Berliner Flughafenstreit Gericht schlägt spätere Schließung von Tempelhof vor

Mehrere Fluggesellschaften haben gegen das zum Ende Oktober 2007 beschlossene Aus des Flughafens Tempelhof geklagt. Zudem wollen zwei Geldgeber nur dann in das Gelände investieren, wenn der Flugbetrieb erhalten bleibt. Ein Gericht schlägt heute einen Vergleich vor.

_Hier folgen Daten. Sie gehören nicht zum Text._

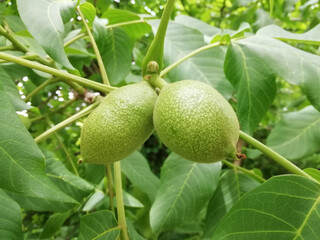 Green background. Walnuts on the tree.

Berlin - Im Streit über die Zukunft des Berliner Flughafens Tempelhof hat das Oberverwaltungsgericht Berlin-Brandenburg heute einen Vergleichsvorschlag vorgelegt. Danach könnte der Airport bis Ende Oktober 2008 offen bleiben, also genau ein Jahr länger als geplant. Dies teilte der Vorsitzende Richter Jürgen Kipp mit. "Dies ist ein Versuch zur Herstellung des Rechtsfriedens", sagte er.

Der Berliner Senat und die Berliner Flughafen-Gesellschaft (BFG) hatten sich mit diesem möglichen Kompromiss bereits im Vorfeld grundsätzlich einverstanden erklärt. Die Kläger - mehrere Tempelhofer Fluggesellschaften - müssen nun bis zum 10. Januar ihrerseits erklären, ob sie den Vergleichvorschlag akzeptieren.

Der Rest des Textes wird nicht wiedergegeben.